Start with the first line of the records below. Output each line exactly, ending with the one that contains "COUTANCES (50200)".

**Short web captions:**
=== Section Start ===
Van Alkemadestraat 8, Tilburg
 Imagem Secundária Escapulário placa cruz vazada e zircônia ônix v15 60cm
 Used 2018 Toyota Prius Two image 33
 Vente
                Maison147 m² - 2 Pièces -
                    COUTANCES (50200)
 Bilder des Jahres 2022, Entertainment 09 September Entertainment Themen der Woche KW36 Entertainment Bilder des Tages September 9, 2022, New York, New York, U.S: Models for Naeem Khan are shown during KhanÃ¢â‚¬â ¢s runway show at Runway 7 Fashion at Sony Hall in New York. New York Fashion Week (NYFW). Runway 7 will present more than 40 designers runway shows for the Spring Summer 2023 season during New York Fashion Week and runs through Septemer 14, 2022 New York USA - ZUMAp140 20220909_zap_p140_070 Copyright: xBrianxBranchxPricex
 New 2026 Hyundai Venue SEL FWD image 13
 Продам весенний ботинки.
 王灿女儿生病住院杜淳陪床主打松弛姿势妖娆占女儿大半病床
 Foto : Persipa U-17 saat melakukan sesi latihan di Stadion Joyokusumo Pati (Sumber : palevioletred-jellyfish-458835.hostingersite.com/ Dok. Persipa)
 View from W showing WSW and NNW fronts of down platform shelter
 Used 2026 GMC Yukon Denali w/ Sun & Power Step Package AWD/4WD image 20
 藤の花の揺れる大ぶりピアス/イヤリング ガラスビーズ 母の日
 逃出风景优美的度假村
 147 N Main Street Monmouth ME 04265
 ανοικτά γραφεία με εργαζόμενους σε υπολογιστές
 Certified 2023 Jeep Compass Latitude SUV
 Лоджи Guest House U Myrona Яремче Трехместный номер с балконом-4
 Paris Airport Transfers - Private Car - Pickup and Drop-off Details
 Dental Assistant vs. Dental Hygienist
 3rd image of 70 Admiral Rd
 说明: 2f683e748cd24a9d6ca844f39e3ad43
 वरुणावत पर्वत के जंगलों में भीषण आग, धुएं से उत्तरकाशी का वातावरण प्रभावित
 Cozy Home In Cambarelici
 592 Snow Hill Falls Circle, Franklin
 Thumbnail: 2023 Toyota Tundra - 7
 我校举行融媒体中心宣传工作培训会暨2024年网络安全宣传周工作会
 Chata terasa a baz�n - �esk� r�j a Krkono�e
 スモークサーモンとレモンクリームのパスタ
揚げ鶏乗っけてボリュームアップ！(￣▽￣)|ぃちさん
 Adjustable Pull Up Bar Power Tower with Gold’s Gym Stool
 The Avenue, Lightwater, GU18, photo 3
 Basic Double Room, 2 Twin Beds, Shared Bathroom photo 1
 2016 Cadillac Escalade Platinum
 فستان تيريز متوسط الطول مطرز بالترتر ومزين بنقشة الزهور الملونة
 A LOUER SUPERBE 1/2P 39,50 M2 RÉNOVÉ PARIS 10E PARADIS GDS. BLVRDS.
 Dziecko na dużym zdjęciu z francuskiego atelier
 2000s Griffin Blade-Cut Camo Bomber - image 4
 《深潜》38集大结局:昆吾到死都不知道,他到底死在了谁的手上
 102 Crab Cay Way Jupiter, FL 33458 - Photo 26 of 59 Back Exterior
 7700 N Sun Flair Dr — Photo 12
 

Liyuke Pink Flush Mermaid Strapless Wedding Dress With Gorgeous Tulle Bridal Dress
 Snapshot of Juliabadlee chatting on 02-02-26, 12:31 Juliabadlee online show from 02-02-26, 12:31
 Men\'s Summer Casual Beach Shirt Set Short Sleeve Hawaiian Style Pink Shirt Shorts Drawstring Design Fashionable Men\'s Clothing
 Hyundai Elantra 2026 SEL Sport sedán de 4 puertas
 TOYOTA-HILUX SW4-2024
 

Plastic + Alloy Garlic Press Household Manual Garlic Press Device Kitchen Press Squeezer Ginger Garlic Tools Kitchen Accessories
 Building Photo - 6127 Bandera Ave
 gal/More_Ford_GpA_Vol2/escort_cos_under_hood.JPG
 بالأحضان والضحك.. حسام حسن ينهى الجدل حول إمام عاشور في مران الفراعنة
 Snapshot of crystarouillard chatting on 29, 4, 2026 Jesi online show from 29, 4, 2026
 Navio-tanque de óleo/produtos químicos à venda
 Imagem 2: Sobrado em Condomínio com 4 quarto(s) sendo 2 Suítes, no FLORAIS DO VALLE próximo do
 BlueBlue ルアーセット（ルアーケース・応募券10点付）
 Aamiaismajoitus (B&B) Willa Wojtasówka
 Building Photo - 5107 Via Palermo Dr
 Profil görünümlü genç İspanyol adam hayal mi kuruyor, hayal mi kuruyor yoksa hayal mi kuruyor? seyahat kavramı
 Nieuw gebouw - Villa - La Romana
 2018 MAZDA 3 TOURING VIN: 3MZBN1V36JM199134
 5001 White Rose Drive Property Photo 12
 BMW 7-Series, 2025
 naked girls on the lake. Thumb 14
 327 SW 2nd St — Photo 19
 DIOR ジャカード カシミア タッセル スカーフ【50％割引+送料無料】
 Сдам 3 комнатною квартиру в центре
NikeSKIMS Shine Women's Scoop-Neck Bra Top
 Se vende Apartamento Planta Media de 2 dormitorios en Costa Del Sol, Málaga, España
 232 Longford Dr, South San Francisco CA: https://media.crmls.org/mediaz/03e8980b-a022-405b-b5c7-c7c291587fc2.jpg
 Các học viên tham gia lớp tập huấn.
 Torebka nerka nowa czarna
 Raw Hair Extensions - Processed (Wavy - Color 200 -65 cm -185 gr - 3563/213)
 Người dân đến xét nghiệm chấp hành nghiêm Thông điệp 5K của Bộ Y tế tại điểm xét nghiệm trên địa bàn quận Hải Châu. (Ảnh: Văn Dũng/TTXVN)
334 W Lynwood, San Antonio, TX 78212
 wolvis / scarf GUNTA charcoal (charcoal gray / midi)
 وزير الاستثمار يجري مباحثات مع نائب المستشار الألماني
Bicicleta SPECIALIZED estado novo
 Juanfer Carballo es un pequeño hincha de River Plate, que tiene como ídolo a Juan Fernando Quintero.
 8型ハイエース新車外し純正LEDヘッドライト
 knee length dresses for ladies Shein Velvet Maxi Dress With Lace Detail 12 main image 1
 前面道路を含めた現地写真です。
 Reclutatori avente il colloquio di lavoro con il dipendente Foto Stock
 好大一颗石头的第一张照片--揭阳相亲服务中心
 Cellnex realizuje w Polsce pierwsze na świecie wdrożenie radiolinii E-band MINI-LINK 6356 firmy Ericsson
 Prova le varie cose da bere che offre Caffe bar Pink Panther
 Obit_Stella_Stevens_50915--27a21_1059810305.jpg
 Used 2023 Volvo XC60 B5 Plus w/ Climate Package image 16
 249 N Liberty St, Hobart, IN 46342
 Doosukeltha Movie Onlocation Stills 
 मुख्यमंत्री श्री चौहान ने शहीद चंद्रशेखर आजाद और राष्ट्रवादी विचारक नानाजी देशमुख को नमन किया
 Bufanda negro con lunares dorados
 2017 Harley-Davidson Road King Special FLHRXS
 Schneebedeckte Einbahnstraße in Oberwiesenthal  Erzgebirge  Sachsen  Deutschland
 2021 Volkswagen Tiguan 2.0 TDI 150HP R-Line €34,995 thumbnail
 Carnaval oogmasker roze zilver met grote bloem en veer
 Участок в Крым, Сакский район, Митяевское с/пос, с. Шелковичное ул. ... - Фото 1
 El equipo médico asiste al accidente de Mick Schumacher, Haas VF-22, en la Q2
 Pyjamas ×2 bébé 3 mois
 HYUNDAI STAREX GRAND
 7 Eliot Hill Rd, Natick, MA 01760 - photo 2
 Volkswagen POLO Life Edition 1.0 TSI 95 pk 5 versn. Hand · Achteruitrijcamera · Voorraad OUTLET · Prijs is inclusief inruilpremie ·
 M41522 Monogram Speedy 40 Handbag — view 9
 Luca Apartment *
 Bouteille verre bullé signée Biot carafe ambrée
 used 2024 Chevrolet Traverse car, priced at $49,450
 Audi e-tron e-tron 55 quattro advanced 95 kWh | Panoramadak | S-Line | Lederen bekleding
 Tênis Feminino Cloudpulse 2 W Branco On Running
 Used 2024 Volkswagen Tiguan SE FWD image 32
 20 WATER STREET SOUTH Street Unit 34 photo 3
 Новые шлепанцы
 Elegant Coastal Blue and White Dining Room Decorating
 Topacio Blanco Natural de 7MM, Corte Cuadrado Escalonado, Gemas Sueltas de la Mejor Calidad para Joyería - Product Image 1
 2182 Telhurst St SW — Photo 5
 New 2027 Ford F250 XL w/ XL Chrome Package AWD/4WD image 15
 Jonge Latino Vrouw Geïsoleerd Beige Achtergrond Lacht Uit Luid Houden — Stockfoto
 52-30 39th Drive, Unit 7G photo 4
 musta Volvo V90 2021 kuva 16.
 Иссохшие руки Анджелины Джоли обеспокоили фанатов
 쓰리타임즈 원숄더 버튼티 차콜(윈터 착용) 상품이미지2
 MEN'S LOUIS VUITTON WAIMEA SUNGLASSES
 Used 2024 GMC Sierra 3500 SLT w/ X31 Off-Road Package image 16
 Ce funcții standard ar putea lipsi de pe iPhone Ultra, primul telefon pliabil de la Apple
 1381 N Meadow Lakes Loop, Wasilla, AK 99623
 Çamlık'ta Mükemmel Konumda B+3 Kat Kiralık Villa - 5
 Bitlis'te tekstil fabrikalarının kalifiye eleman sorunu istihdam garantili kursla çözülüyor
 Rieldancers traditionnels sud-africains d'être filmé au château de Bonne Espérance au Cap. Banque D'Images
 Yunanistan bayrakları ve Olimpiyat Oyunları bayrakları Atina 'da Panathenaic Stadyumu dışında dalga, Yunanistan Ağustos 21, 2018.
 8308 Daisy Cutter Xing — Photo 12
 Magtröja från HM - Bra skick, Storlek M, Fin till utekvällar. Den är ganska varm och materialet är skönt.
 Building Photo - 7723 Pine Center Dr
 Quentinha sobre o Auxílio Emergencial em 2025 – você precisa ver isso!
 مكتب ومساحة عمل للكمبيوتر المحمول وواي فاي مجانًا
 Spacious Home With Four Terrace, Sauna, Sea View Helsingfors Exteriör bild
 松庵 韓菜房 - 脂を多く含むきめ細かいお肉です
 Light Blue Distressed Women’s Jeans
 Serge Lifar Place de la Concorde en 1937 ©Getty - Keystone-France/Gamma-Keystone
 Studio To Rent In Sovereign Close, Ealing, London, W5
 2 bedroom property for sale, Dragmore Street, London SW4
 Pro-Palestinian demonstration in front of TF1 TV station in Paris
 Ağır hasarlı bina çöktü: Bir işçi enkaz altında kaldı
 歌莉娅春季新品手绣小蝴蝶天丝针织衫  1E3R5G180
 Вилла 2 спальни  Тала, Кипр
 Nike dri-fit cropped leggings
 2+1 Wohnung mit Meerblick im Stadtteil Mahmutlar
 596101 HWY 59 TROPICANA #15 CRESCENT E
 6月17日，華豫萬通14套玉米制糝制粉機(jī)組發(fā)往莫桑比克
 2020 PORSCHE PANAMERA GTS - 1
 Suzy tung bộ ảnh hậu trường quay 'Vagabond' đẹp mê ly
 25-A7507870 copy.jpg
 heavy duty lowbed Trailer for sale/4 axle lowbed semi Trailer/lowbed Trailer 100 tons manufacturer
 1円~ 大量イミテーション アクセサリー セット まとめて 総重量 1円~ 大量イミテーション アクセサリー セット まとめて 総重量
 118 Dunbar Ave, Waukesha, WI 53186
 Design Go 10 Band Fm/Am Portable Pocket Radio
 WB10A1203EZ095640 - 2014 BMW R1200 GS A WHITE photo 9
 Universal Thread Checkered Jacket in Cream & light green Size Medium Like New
=== Section End ===
**The completed task:**
Van Alkemadestraat 8, Tilburg
 Imagem Secundária Escapulário placa cruz vazada e zircônia ônix v15 60cm
 Used 2018 Toyota Prius Two image 33
 Vente
                Maison147 m² - 2 Pièces -
                    COUTANCES (50200)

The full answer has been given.